Have you ever wondered where toxic leaders hone their ineffective skills?
It's a serious question because somewhere in their career/entrepreneurial journey, they learned that their behavior would not only be tolerated but, at some point, rewarded.
"Toxic" has become a popular buzzword, so before I continue, let me define toxic leadership. I define toxic leadership as an individual who exhibits harmful behaviors towards those they are supposed to lead, manage, and support.
These individuals create fear, intimidation, and conflict within their organizations. Their actions and words cause problems for their teams and the business. In my professional experience as a Clinical Counselor and Executive Brand Coach, the characteristics of toxic leaders can be described as follows:
Power-hungry - crave power and control. They want to be in charge and make all the decisions, even if it's to the detriment of the business.

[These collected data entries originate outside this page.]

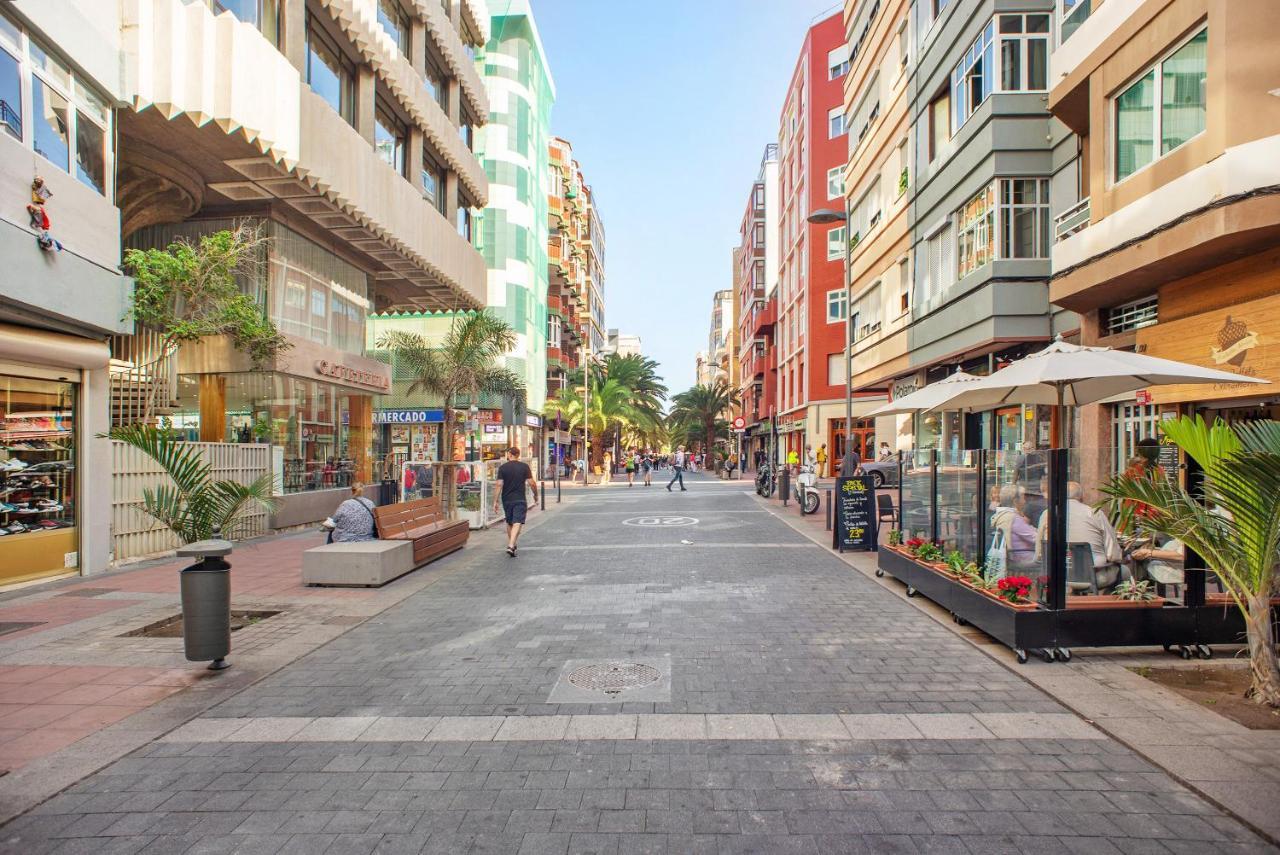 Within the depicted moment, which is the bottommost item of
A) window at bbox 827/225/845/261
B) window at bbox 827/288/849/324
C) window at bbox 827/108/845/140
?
window at bbox 827/288/849/324

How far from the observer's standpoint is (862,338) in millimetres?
27359

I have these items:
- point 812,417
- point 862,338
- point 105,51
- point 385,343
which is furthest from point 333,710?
point 812,417

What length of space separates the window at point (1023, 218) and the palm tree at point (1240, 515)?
11.6 m

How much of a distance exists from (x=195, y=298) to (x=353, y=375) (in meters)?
6.93

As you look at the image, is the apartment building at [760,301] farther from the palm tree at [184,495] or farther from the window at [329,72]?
the palm tree at [184,495]

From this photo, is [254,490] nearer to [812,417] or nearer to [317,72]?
[317,72]

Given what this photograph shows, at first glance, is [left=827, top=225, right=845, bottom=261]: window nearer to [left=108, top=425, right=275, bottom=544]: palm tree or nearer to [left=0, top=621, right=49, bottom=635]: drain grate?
[left=108, top=425, right=275, bottom=544]: palm tree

Controlling - toxic leaders often try to control the thoughts, actions, and emotions of others. They may do this through manipulation, intimidation, or even threats.
Egotistical - they have a very inflated sense of self-importance and are more focused on their own needs than those of others. They may seek constant praise or attention and have trouble empathizing with others.
Ineffective -. Their negative behaviors and attitudes can cause problems within the organization, such as low morale, poor performance, and increased turnover.
Now, I don't believe that most leaders set out to do harm to themselves and others. On the contrary, what we're witnessing, is usually an underdeveloped character and a lack of the critical skills needed to lead.
Another prime example of letting your skill take you where you're character can't sustain you.
In this article we're discussing Strategic Ways To Communicate Like A Leader:
Ineffective leaders spread their toxicity and inexperience through their communication style with subordinates. When you're clear and concise, you're more likely to get your point across without demeaning and abusive language. You can avoid being labeled a toxic leader by implementing clear metrics, being transparent about business goals, and having processes for feedback. Here's how you can apply this advice to your communications:
Be Clear And Concise
The key to effective communication is to use straightforward language. Avoid jargon and technical terms unless you are sure that your audience will understand. Use examples to illustrate your points, and check for comprehension frequently. If your audience does not follow you, try rephrasing your points or using different words.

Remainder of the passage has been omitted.